On the idea protection I disagree with you.
It is your idea, your project, your invention, your innovation. Up to the point that you have developed the project and gotten ready for a venture capitalist to inspect, it is your cost, sweat, etc. That is how invention, innovation, entrepreneurship works. And I’d bet filing a provisional patent is far easier than creating your invention.
This is great news indeed. We recently opened the Kell Robotics Innovation Center with many goals. One of the goals is to help train students inside and outside of our team about invention and innovation. Unfortunately that has been a hard sell to many FIRST’ers. Witness the lack of traffic on this thread. Alas, I whine.
Ed: what do you think of the timing? Is this something that can happen during the FIRST season? Or is this something that could best happen during the offseason, to be awarded during the FIRST season?
This is a new award and I am very interested in what others think about it.
We have been doing this ‘outside of FIRST’ - now ‘inside of FIRST’ thing for 5 years now. We won the EEA award from SeaWorld, and we are a two year Lemelson-MIT Inventeam.
I can tell you several things for SURE.
Doing development work during the FRC season is very demanding. I would tend to warn against it.
Doing development work in the off-season is fantastic. It helps build a great team. It hones skills. It helps build ‘public value’ if you promote it.
It isn’t quite clear to me yet what will ‘clear the bar’ in terms of how developed and tested the idea has to be.
I do not see anything, nor to I expect to see anything that says that it needs to be done during the build season. FIRST has been telegraphing loudly the desire to showcase ‘outside of FIRST competition’ innovation for at least 7 months. My guess is they received limited responses to their inquiries over that time. I think they would be pleased to see teams working during the off-season to promote invention, innovation, and creating ‘public value’ for FIRST programs.
About two years ago I had an opportunity to meet with Dean and talk about the topic of ‘going outside of FIRST’ with other types of innovation. At the time I was frustrated a little with our inability to get other FIRST’ers to ‘get it’ especially in light of our success in the rest of the world ‘getting it’. Dean was emphatic that he ‘got it’ and just keep doing what we do best.

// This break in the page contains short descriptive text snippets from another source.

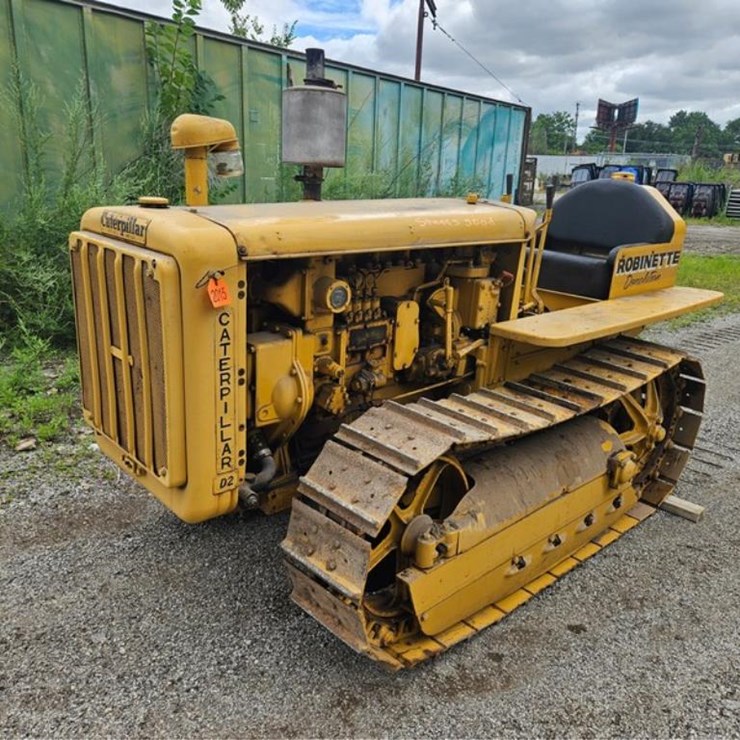 2015 CATERPILLAR D2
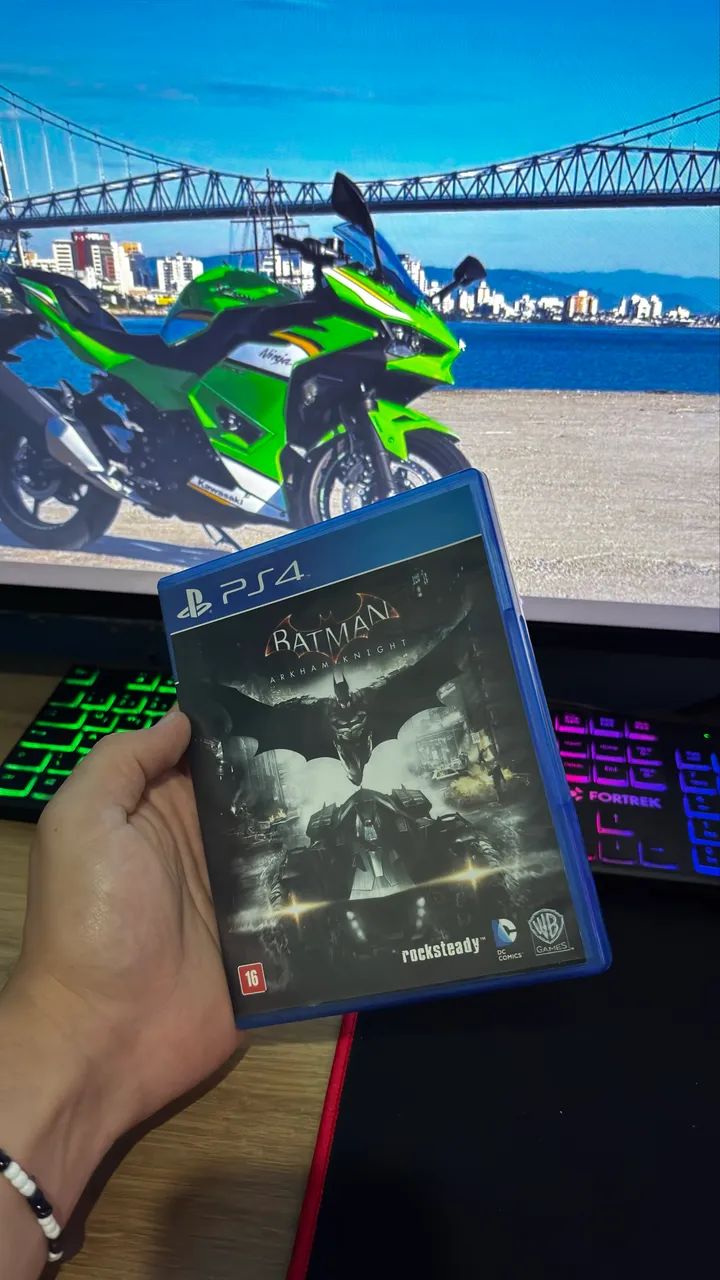 Jogo Batman: Arkham Knight PS4 - Mídia Física (Estado de Novo)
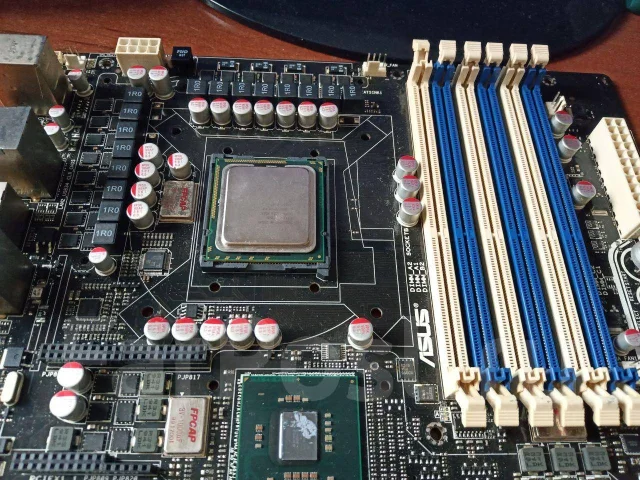 LGA1366 ����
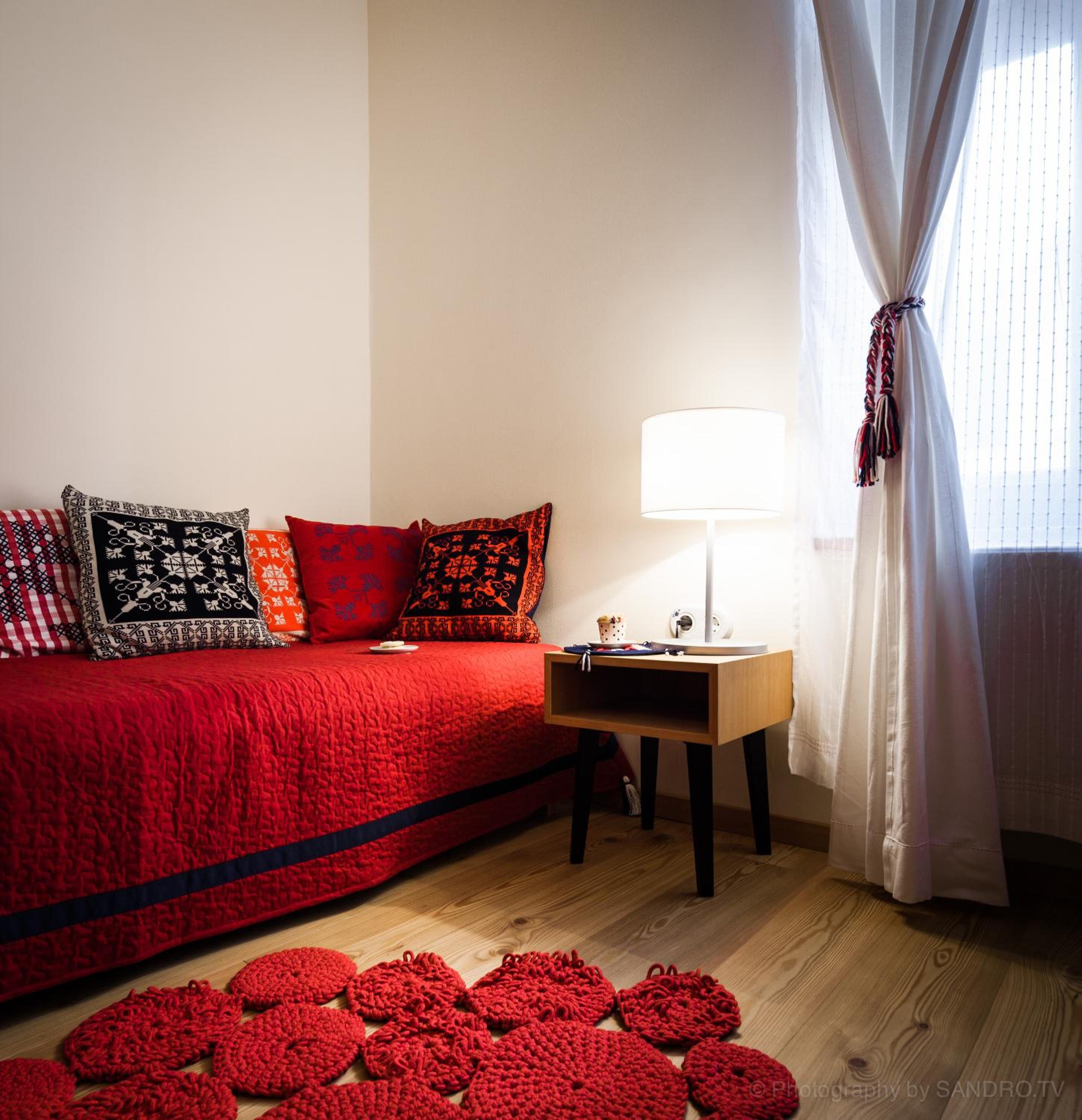 Small Double Room - Photo 1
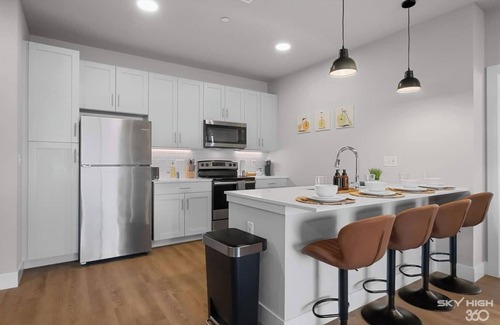 Rogers Apartment | Executive 2BR/2BA Stay – Nurses, Professionals & Families- Work-Ready, Central, Parking Included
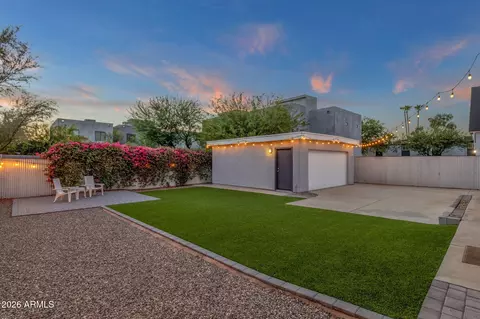 Exterior - 3930 N 30th St, Phoenix, AZ 85016 photo 2 of 9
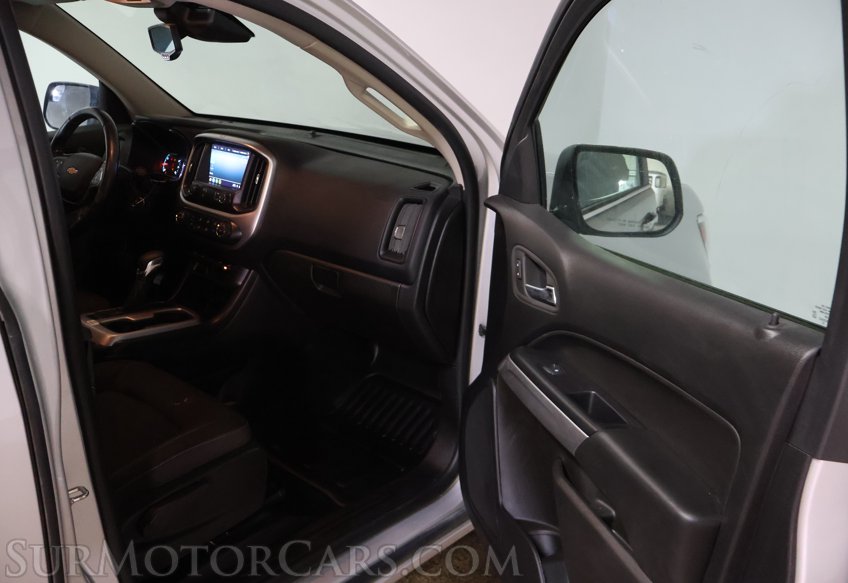 2022 Chevrolet Colorado - Image 19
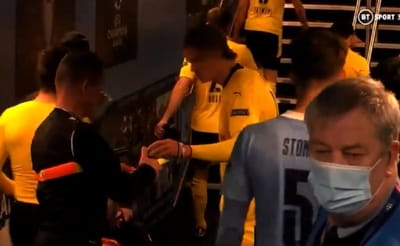 VÍDEO: árbitro assistente pede autógrafo a Haaland no túnel - TVI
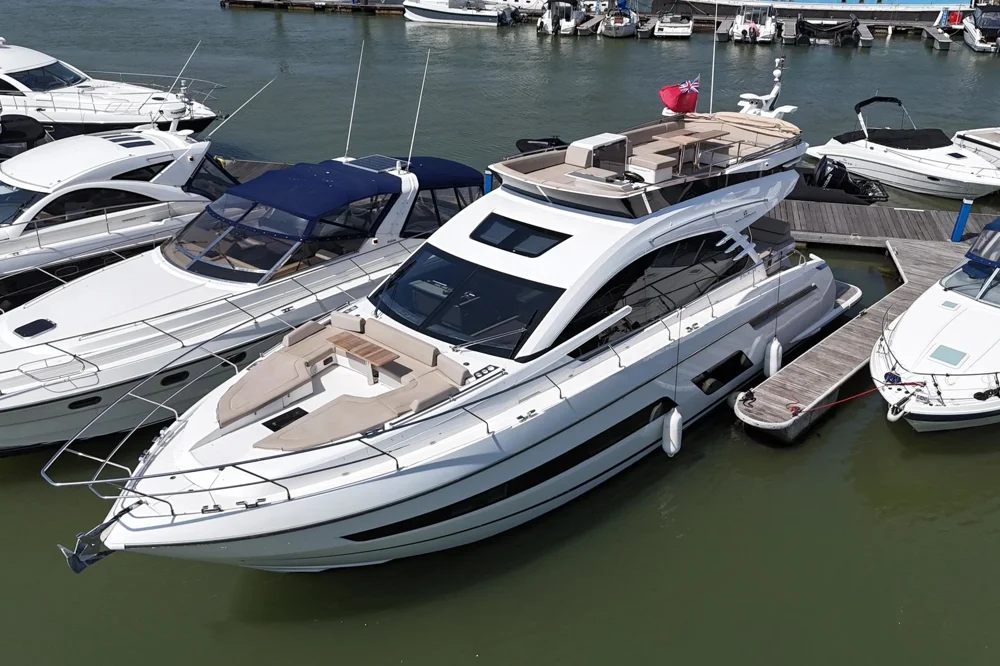 BoatPhoto.alt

I’m just reading the tea leaves here but from reading the inquiries sent to all teams over the past year, Dean’s comment to me and other, and the selection of Jon Dudas as the new FIRST president, and his role as past head of USPTO, it doesn’t surprise me that this award is now in existence. It just took a little longer than expected. But that doesn’t matter. It is here now.
Take the long view. Go for it now, Go for it later. Have fun inventing.
wow. thats pretty amazing. i wish i was more aware of this and maybe could have even started something familiar in my area. I’ve had some ideas on my team doing workshops for new teams and new robotics members. but this makes it official and allows you to do a lot of interesting things. your team really took robotics to the next level and that is simply amazing. more teams should follow your lead in R&D.
The award was pilot tested in northern California last year. Team 254 won the award for their t-shirt cannon robot, Shockwave. For teams that have had side projects during the preseason, like prototype drivetrains. This would be an excellent opportunity to see if something you came up with is patent-able.
Plus a team does not have to enter. maybe a student on the team had a really cool science project. I am going to ask around my team, you never know if someone has something they might want to enter. A couple weeks ago, I found out two of my students are planning on releasing an android app.
Also, the award goes to the team, but the patent goes to the inventor. Its win-win to ask around to see if someone has something.